PEP 649 should help with that a little bit, by adding additional modes to typing.get_type_hints so you can still use it when your annotations contain forward references that cannot be resolved.

couling · February 13, 2024, 5:47pm

@Daverball Thanks. So typing.get_type_hints(include_extras=True) is similar to inspect.get_annotations() except it follows the MRO. Curious that it’s not mentioned here Annotations Best Practices — Python 3.12.2 documentation

Funny. I’ve seen a bunch of other discussion around with many people missing the function. Perhaps because it’s in typing instead of inspect, a lot of people miss it.

Daverball · February 13, 2024, 9:17pm

inspect.get_annotations is the more general purpose function since annotations don’t have to be used for type hints, the feature predates the optional type system, although at this point they might as well be typing only, since type checkers require the use of Annotated for interoperability.

All typing related introspection is in the typing module, such as typing.get_origin, typing.get_args and typing.is_typeddict.

couling · February 13, 2024, 9:55pm

@Daverball Thanks! Context here is helpful.

inspect.get_annotations is the more general purpose function

At grave risk of sounding argumentative, I certainly think you are right abut the intent. But…

…I think 88067 changed things to make that less true, or perhaps failed to maintain it.

In almost every case I can think of, when you want to know about annotations on a class you’d want to know about them for the fully constructed class combining all it’s ancestor classes along the MRO.

The only contexts I can think where you’d want just the immediate class at runtime and not it’s ancestors would be custom meta-classes (and perhaps, just maybe custom __new__ methods).

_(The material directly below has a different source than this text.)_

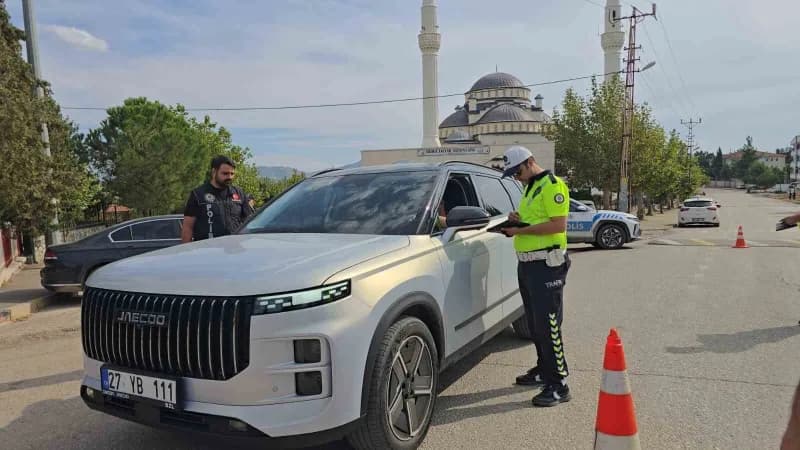 Gaziantep'te okul çevrelerinde asayiş uygulaması yapıldı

That rather leaves inspect.get_annotations() in the “special case” category rather than “more general”. Though I do take your point about “more general” meaning specifically “more than just typing”.

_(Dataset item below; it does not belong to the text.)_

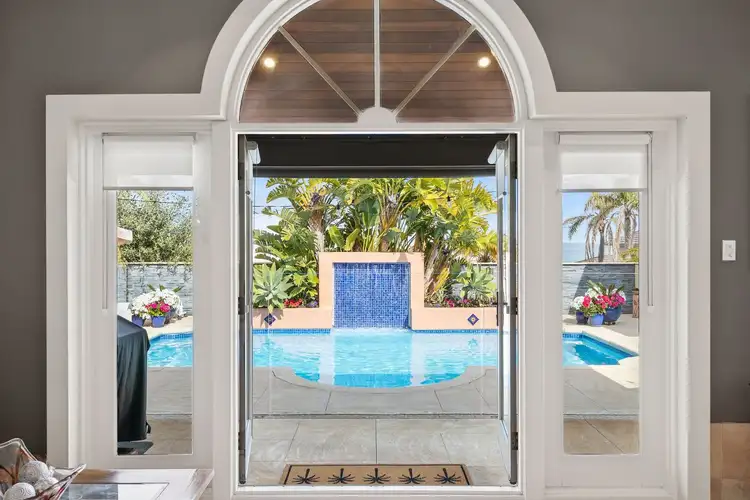6 Tulsa Court, Mindarie WA 6030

This all keeps failing the principle of least astonishment for me, and I can’t quite figure out if that’s because I have a warped perception of what this is all intended for, or if it is genuinely all a bit crooked itself.

MegaIng · February 13, 2024, 10:03pm

Well, what I would imagine to be the most common runtime-usage of class-annotations, dataclasses and similar construct specifically do not want the rest of the mro AFAIK.